Additionally, this bill establishes a Methane Emissions Grant Program through the EPA. This $850 million in grants will be allocated to facilities subject to the methane charge for a range of objectives, including “improving and deploying industrial equipment and processes” that reduce methane emissions. The program also allocates $700 million for "marginal conventional wells" to be disbursed in the form of grants, rebates, contracts, direct loans for financial and technical assistance for the same purposes.

Federal Oil and Gas Leasing Program

The Federal oil and gas leasing program had several substantive changes made through the IRA. This legislation raises offshore and onshore royalty rates to 16.66% from 12.5% currently. The bill also increases the minimum bid rate to $10/acre from $2/acre, instituted a $5/acre fee for operators to informally nominate lease tracts inclusion in lease sales to the Department of Labor and eliminates non-competitive leasing if leases fail to receive competitive bids at auction. The IRA took a bold step and ordered the Department of Interior (DOI) to hold oil and gas lease sales in order to issue a right-of-way for new wind or solar energy development on Federal Lands.

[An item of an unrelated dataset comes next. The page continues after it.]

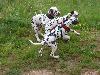 ASSONANZA DALMATIANS MEETING - 3 MONTHS OLD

Additionally, DOI must reinstate the November 2021 Gulf of Mexico oil and gas lease sale that was vacated by a federal district court, and requires the Department to hold the Alaska Cook Inlet and two Gulf of Mexico lease sales that were cancelled earlier this year.

Regulatory and Tax Increases

This legislation creates a methane emissions charge which, if enacted, would be the first time the federal government would directly impose a charge, fee or tax on GHG emissions.

This fee on methane emissions would apply only to methane emissions from specific types of facilities that are required to report their greenhouse gas (GHG) emissions to the EPA’s Greenhouse Gas Emissions Reporting Program (GHGRP). The charge would start in calendar year 2024 at $900 per metric ton of methane, and increase to $1,200 in 2025, increase to $1,500 in 2026 and would remain at $1,500 for subsequent years.

The biggest uncertainty surrounding the formation of this fee is the potential for businesses to be exempt from the charge if future, final EPA regulations addressing methane emissions are in effect in all states and if adherence would result in equivalent or greater emissions reductions as would be achieved by the November 2021 rule.

The IRA enacts a new Chapter 37 and Section 4501 of the Internal Revenue Code that imposes on a “covered corporation” (generally, a publicly traded U.S. corporation) a non-deductible excise tax equal to 1% of the fair market value of the stock of the corporation that is considered “repurchased” by the corporation during the tax year.

The IRA also introduces the corporate alternative minimum tax of 15% targeted at certain large U.S. corporations if such corporation’s adjusted financial statement income which is similar to book earnings prepared in accordance with U.S. GAAP, exceeds certain threshold amount.

The Energy Workforce Government Affairs team will continue to monitor these funding and tax opportunities and regulatory changes as they are enacted.